Over the years, successive governments have made some effort to introduce a system in public schools whereby students would pay a small fee to rent the full batch of textbooks they need for the school year. Optimally, this is how that system works: students get to keep the textbooks for a full school year, returning them at the end of that period. Should any of the textbooks be damaged or lost while in the students’ care, they would be required to either replace the textbook or pay for it before being issued a new batch of textbooks for the new school year.
Sounds simple, right? However, it seems easier said than done for successive administrations that have failed to introduce the book-renting programme in schools. Like the textbook pages, the excuses for not introducing such a programme are heavy, obsolete and voluminous. Excuses range from new editions of textbooks being printed annually to feasibility studies being necessary before such a programme is rolled out. They say “formality” and I say “delay tactics”.
So every three to five years, parents can expect to shell out hundreds of dollars to buy textbooks that cannot be transferred from one student to the other after a few years. Meanwhile, publishers – and their cohorts, it seems – continue to cash in on the cash that parents barely have to put out, anyway. Apparently, not every difficult situation affords us the opportunity to become creative.
In August last year, I got a few arrows shot my way when I had the gumption to suggest via this very column that the time was ripe for us to go the way of e-books. Many felt I shouldn’t have turned that page when I said that the Ministry of Education should go through the booklists, see what textbooks are being recommended for the curriculum and make arrangements with the publishers to sell them the access codes for the subjects to the students who would just need an electronic device such as a laptop, tablet or desktop computer.
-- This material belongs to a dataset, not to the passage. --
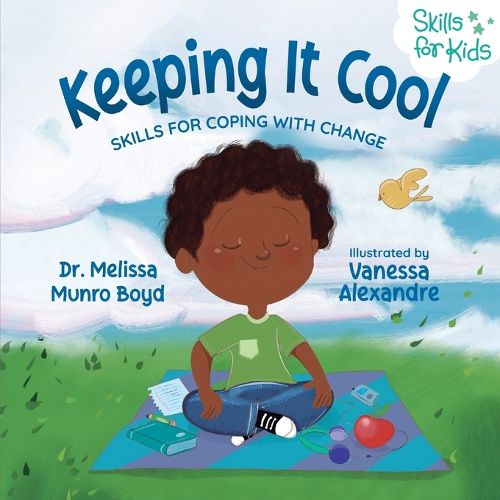 Cover image for Keeping It Cool: Skills for Coping with Change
The printing costs associated with textbooks would reduce drastically and the e-book format would be more cost-effective.
As far as I’m concerned, the fact that we concentrate on equipping our school children with free laptops at the secondary school level – which I applaud – we need to go the extra technological mile by equipping them with the curriculum via that means as well. The age-hold slavery of students carrying bulky books on their backs can finally be abolished as well.
A year on since my article, nothing much has been done in that regard. Not that my idea was purely original, anyway. In fact, when the Antigua and Barbuda government distributed Samsung Galaxy tablets with 4G LTE connectivity to nearly 900 second third form secondary school students in November 2013, then Registrar of the Caribbean Examinations Council (CXC), Dr.Didacus Jules, chimed in on the ceremony via Skype with this gold nugget:
“CXC Notesmaster portal is preloaded on the tablets. And we have frankly been challenged by this initiative to go further than we would have initially been prepared to go, by converting our study guides into interactive e-books so that the (student’s) tablet can become their school bag and library.”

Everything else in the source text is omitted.